I wanted to ask what are field and field axioms? I have tried looking on Wikipedia and Wolfram But They are too are advanced and I cant a understand one bit.So please any help would be much appreciated. Also there is a question in my book :"What is the difference between Real and the Complex fields?" As I don't know anything about fields ,so I don't know the answer too and cant think of one as well ( as I repeat I don't know anything about fields),So please again any help would be much appreciated on understanding Fields and field axioms. THANKS VERY MUCH

• Fields informally speaking are places where you can add, subtract, multiply and divide. So $\Bbb Q$, $\Bbb R$, $\Bbb C$ are all fields, while $\Bbb Z$ is not because you cannot divide two things in $\Bbb Z$ and get something still in $\Bbb Z$. – Gregory Grant Aug 29 '15 at 11:55

A field is a set of numbers which satisfy some calculation rules. For the field the following rules hold:

1. Addition has the neutral element 0
2. Addition has an inverse (adding the negative part to a number)

Multiplication rules

1. Multiplication has the neutral element 1
2. Multiplication is always invertible (by division)
3. Multiplication is associative

4. And another important fact is that the distributive law holds!

Real fields are fields of real numbers while complex fields consist on complex numbers.

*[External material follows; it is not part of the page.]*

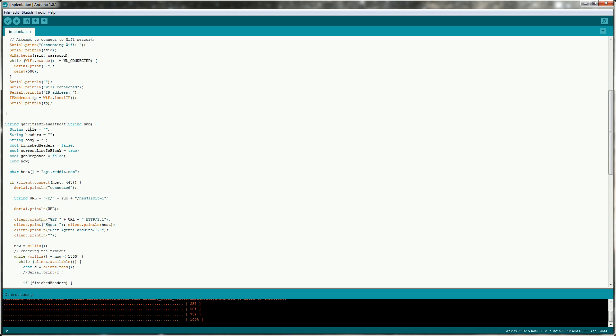We will then write it into the client. GET space the URL that we built up space this HTTP/1.1. And then after that we'll also print in the following headers. A host one which is the same as the client.connect host we did. And a user agent. The Reddit API specifies that it wants a user agent. So this can be whatever you want but it needs to be there. And then to indicate that we're finished sending headers we print an empty line.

• You may not have answered the question. One could argue to answer it properly you need to show $\not\exists$ an isomorphism $\Bbb R\to\Bbb C$ as fields. – Gregory Grant Aug 29 '15 at 12:13
• So how is the real field different from the complex field – Batwayne Aug 31 '15 at 7:56

In addition to the axioms given by kryomaxim, a field also must satisfy (5).... Addition and multiplication are commutative , and (6).... $0 \ne 1$. If all of the requirements are met except commutative multiplication, it is called a Division Ring With Unit. (The "unit" is 1). There is no real number x that satisfies $x^2+1=0$ but there certainly is a complex number that does. The usual terminology for a field F which is a subset of a field G is that F is a sub-field of G.

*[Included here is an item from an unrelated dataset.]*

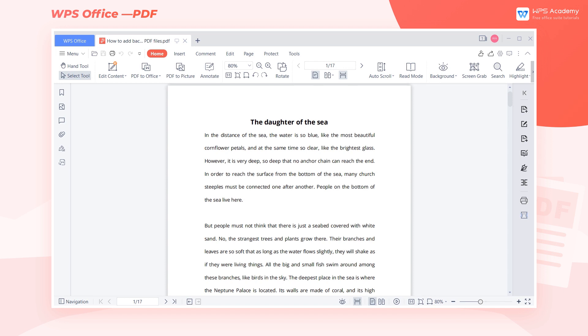When we are editing PDF documents, if the entire white layout is too simple, we can add a nice background. Let's learn the tips for beautifying PDF files with WPS Academy.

(0) x + y ∈ F and x · y ∈ F for any x, y ∈ F (closure under addition and multiplication). (1) x + (y + z) = (x + y) + z and x · (y · z) = (x · y) · z for any x, y, z ∈ F (associativity of addition and multiplication). (2) x + y = y + x and x · y = y · x for any x, y ∈ F (commutativity of addition and multiplication). (3) x + 0 = x and x · 1 = x for all x ∈ F (0 and 1 are called the additive identity and the multiplicative identity, respectively). (4) For any x ∈ F, there is a w ∈ F such that x + w = 0 (existence of negatives). Moreover, if x ̸= 0, then there is also an r ∈ F such that x · r = 1 (existence of reciprocals). We denote w = −x and r = x −1 . 4 (5) x · (y + z) = x · y + x · z for any x, y, z ∈ F (distributivity of addition over multiplication).